Zum Jahresende werde in der Pflegversicherung ein Defizit von 2,2 Milliarden Euro auflaufen, sagte Kiefer dem „Redaktionsnetzwerk Deutschland“ (Mittwochausgaben). Die Liquiditätsreserve sinke auf rund 5,7 Milliarden Euro und liege damit rund 1,2 Milliarden Euro unter der gesetzlich vorgeschriebenen Höhe.
Damit sei eine Anhebung des Beitragssatzes zum 1. Januar 2023 um 0,3 Prozentpunkte dringend notwendig gewesen. „Die Ampelkoalition hat jedoch entschieden, nicht zu entscheiden. Eine solide und nachhaltige Politik sieht anders aus“, kritisierte Kiefer. Kiefer sagte, die finanzielle Lage sei sogar „noch dramatischer, als es auf den ersten Blick erscheint“. Schließlich beinhalte die Finanzreserve bereits ein Darlehen des Bundes von einer Milliarde Euro, das bis Ende 2023 an den Bund zurückgezahlt werden müsse. Zwar könne man mit „Zahlenakrobatik“ die Finanzprobleme noch einige Monate vor sich herschieben. „Nach unseren Prognosen sind aber spätestens im zweiten Halbjahr die Finanzreserven massiv in den Keller gefahren“, so Kiefer. Je länger die politischen Entscheidungen ausblieben, desto größer würden die Probleme. „So kann man nicht ewig weitermachen, dann fährt die Pflegeversicherung gegen die Wand“, mahnte er. Die Lösung der massiven Finanzprobleme und die gleichzeitige Umsetzung der vom Bundesverfassungsgericht bis Ende Juli verlangten Staffelung des Beitragssatzes je nach Kinderzahl würden für Gesundheitsminister Lauterbach zum „Ritt auf der Rasierklinge“. Kiefer rechnet damit, dass die Umsetzung des Urteils dazu führen werde, dass Kinderlose „deutlich mehr“ zahlen müssten. Zwar handele es sich um eine familienpolitische Leistung, die aus Steuermitteln finanziert werden sollte. „Aber die Ampelkoalition hat erkennbar nicht die Absicht, dafür Geld aus dem Bundeshaushalt zur Verfügung zu stellen.“ Deshalb erwarte er, dass es innerhalb der Pflegeversicherung eine Umverteilung geben müsse. Kiefer forderte zudem, die Eigenbeteiligung der Bewohner von Pflegeheimen erneut zu abzusenken. Die noch von der großen Koalition beschlossene Entlastung sei teilweise wieder durch die stark gestiegenen Kosten aufgefressen worden.

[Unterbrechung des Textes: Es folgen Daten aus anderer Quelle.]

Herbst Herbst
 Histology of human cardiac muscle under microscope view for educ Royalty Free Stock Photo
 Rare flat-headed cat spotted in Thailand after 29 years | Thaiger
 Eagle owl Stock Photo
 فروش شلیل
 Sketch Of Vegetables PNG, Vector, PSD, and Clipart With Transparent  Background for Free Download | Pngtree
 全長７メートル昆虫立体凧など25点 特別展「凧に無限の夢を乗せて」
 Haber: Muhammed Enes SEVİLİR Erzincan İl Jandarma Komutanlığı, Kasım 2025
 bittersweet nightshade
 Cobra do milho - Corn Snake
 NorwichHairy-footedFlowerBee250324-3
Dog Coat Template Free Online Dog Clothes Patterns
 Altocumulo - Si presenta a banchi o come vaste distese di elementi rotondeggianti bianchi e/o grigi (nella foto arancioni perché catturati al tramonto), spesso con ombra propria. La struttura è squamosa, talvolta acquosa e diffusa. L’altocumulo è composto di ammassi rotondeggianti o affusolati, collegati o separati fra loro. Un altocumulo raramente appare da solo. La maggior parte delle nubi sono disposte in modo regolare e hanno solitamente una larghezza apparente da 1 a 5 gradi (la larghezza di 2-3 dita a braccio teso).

Schließlich gingen die überfälligen Lohnsteigerungen in der Pflege voll zu Lasten der Pflegebedürftigen. Die Belastung sei zu hoch: „Wer kann schon über 2.000 Euro pro Monat mit einer normalen Rente bezahlen?“, fragte der Vorstand des Kassen-Spitzenverbandes. „Es ist dringend nötig, dass die Politik an die Frage der Eigenbeteiligung noch einmal rangeht“, so Kiefer.